In this article, a behavioural observation study conducted at six different pedestrian crossings in the city of Coimbra, Portugal, was discussed, where road users were not informed about their participation in the project. Each crossing presented varying road characteristics, including factors such as the number of lanes, directions, presence of a centre divider, or proximity to a roundabout. Additionally, the interplay between responsibility (when one pedestrian is guided by another), group decision-making and crossing behaviour was explored.

Another pertinent aspect of this study was the examination of the interactions between pedestrians and electric vehicles in different contexts. Throughout the research, an electric vehicle was introduced into the observational setting, silently navigating the streets to observe pedestrians' reactions in the absence of noise. Subsequently, unique observations of the behaviour of blind pedestrians were conducted. These pedestrians were recruited during an ACAPO information session (the Portuguese Association of the Blind and Amblyopic), as it is not easy to find a spontaneous sample of blind pedestrians in the urban environment. The blind pedestrians were invited to cross in an urban environment at non-signalised pedestrian crossings and to identify the electric vehicle. These observations enabled us to discern potential differences in their behaviour compared to their non-blind counterparts.

According to a literature review based on a search in the Web of Science database using the keywords “electric vehicles” and “blind pedestrians”, 50 articles were found. Of these, 36 were excluded in an initial analysis as they were related to issues concerning the mechanical aspects of the electric vehicles, the lack of noise related to electric mobility, the addition of Acoustic Vehicle Alerting Systems (AVAS), electric micro-mobility, autonomous devices for blind pedestrians or pedestrian behaviour in general rather than the behaviour of blind pedestrians. After this stage, 14 articles remained, but those unrelated to field surveys were not considered further. Of the remaining five articles, which involved the interaction of blind pedestrians and electric vehicles, in two, the pedestrians were in a stationary position [23, 24], and one study, conducted by Fleury et al. [9] did not involve blind pedestrians but rather blindfolded pedestrians. The study by Emerson et al. [10] involved fundamental interactions between blind pedestrians and electric vehicles; however, these interactions did not occur in urban traffic but in controlled environments. Finally, a study conducted in the United States by Kim et al. [11], like this study, investigated the time and performance of critical street crossing decisions by visually impaired pedestrians at selected intersections.

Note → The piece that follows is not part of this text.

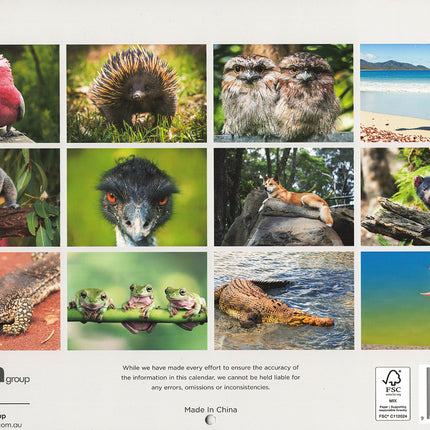 Australian Wildlife 2027 Rectangle Wall Calendar 16 Month Aussie Animals Planner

Unlike the present study, in the one conducted by Kim et al. [11], visually impaired pedestrians and a sighted experimenter made street-crossing decisions by indicating when they would begin crossing using remote controls. The participants’ decisions were compared with those of the sighted experimenter to determine the level of risk. Risky crossing decisions by the participants were significantly lower when decisions were made at lower ambient sound levels.

Therefore, the interactions between blind pedestrians and electric vehicles in an uncontrolled urban environment have not yet been adequately explored, particularly in Europe.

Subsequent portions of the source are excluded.